▶ **Work order**: As written and without pictures, set down the lines from the one that contains "探索流浪者世界的精彩瞬间 精美截图 壁纸 原画与人物设定图合集分享" through the end of the data.

Brief descriptive captions:

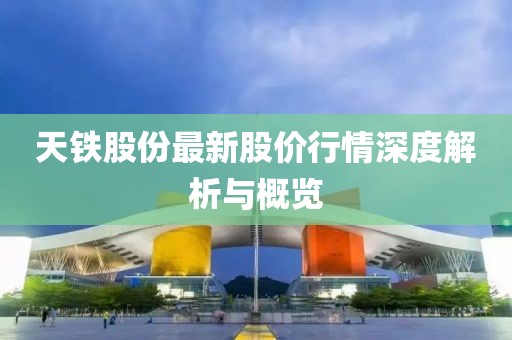 天鐵股份最新股價(jià)行情深度解析與概覽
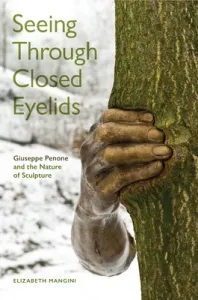 Seeing Through Closed Eyelids: Giuseppe Penone and the Nature of Sculpture (Mangini Elizabeth)(Pevná vazba)
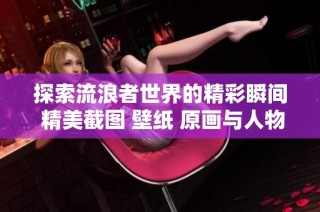 探索流浪者世界的精彩瞬间 精美截图 壁纸 原画与人物设定图合集分享
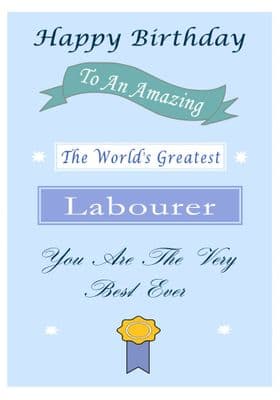 Labourer - Birthday Card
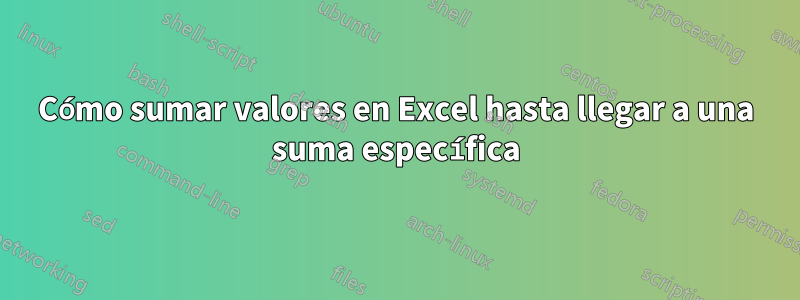 Cómo sumar valores en Excel hasta llegar a una suma específica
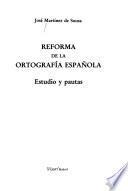 Reforma de la ortografía española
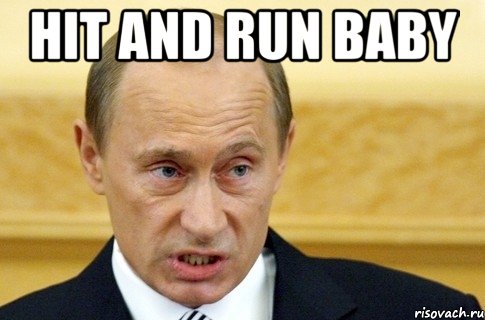 Hit and run baby , Мем путин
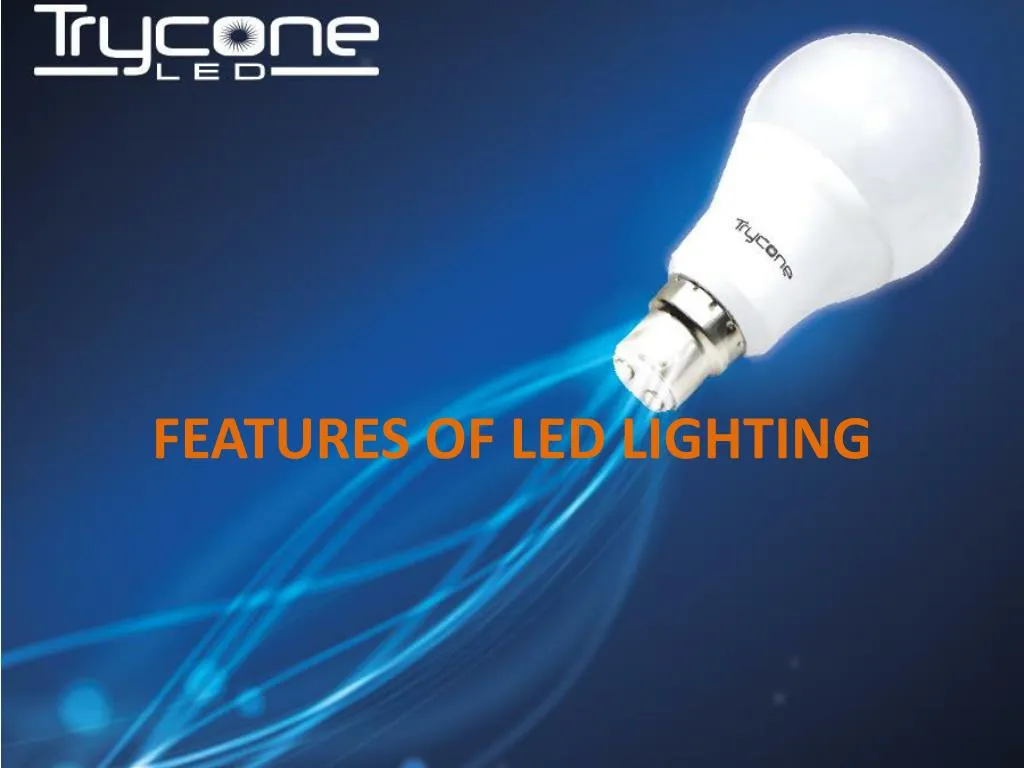 features of led lighting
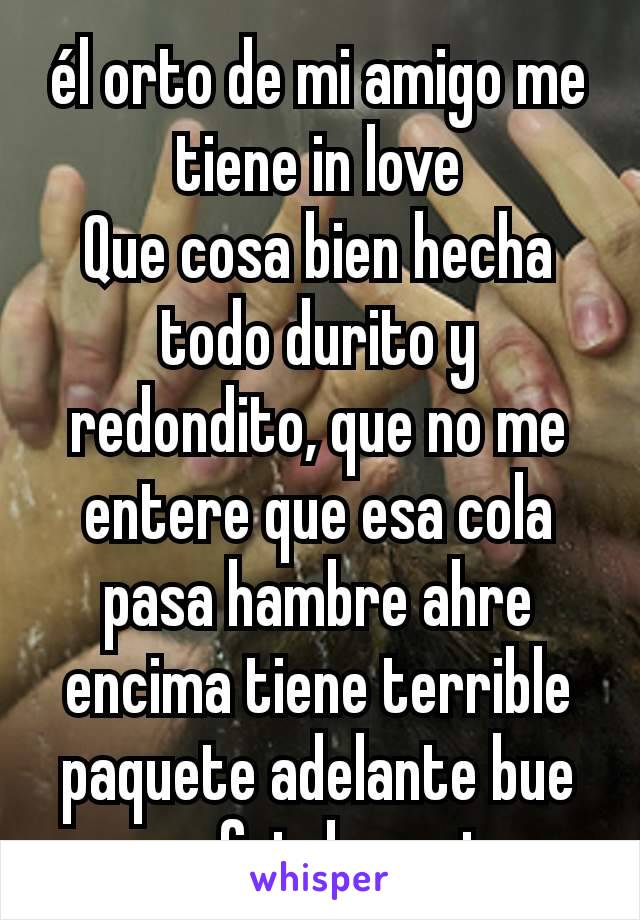 él orto de mi amigo me tiene in love
Que cosa bien hecha  todo durito y redondito, que no me entere que esa cola pasa hambre ahre encima tiene terrible paquete adelante bue me fui al carajo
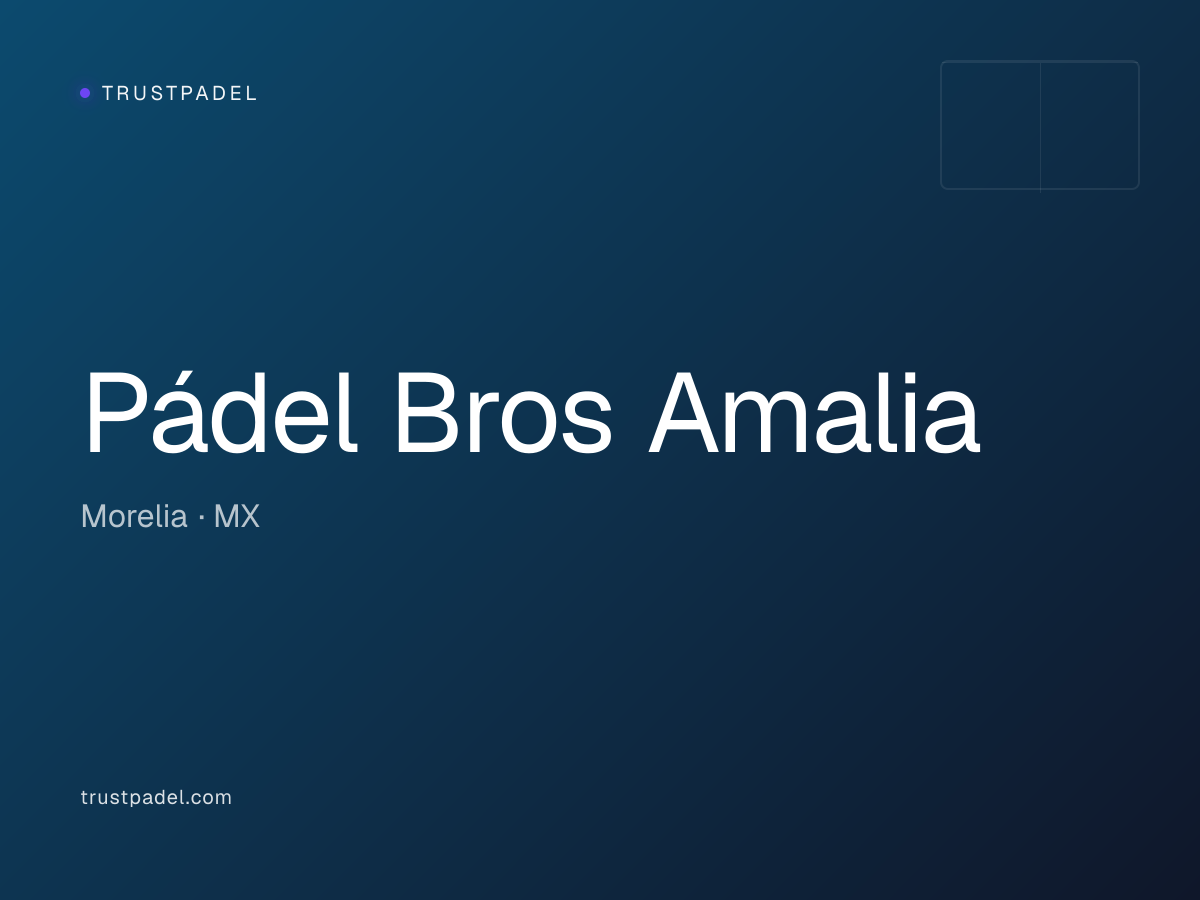 Pádel Bros Amalia padel club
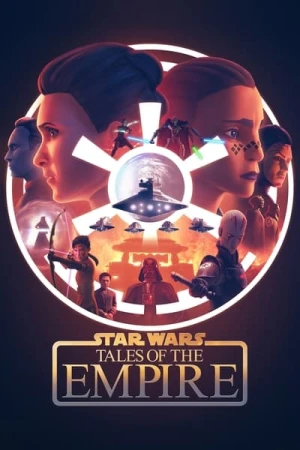  Star Wars : Tales of the Empire - Saison 1 affiche 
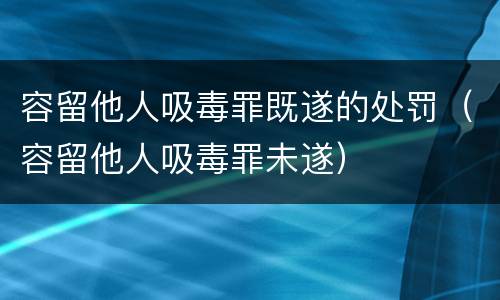 容留他人吸毒罪既遂的处罚（容留他人吸毒罪未遂）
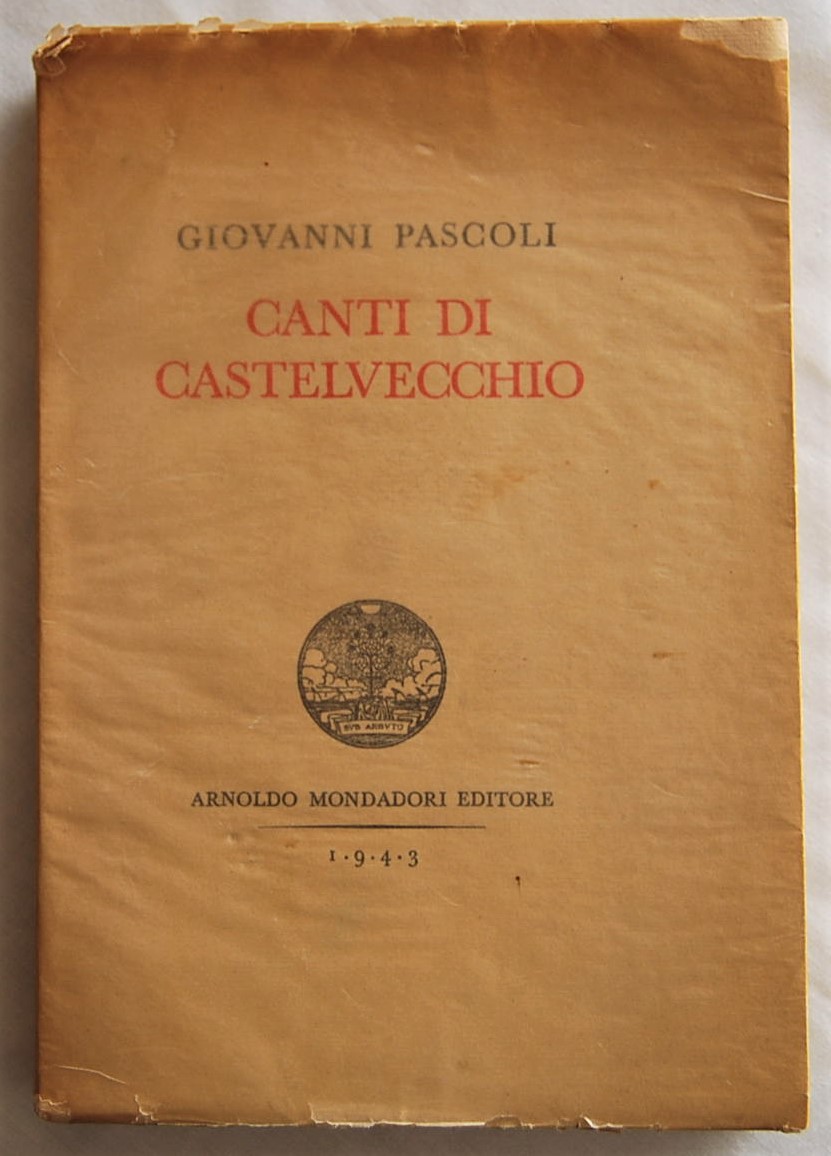 Pascoli Giovanni CANTI DI CASTELVECCHIO. - Copertina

▶ **Exercise answer**:
 探索流浪者世界的精彩瞬间 精美截图 壁纸 原画与人物设定图合集分享
 Labourer - Birthday Card
 Cómo sumar valores en Excel hasta llegar a una suma específica
 Reforma de la ortografía española
 Hit and run baby , Мем путин
 features of led lighting
 él orto de mi amigo me tiene in love
Que cosa bien hecha  todo durito y redondito, que no me entere que esa cola pasa hambre ahre encima tiene terrible paquete adelante bue me fui al carajo
 Pádel Bros Amalia padel club
  Star Wars : Tales of the Empire - Saison 1 affiche 
 容留他人吸毒罪既遂的处罚（容留他人吸毒罪未遂）
 Pascoli Giovanni CANTI DI CASTELVECCHIO. - Copertina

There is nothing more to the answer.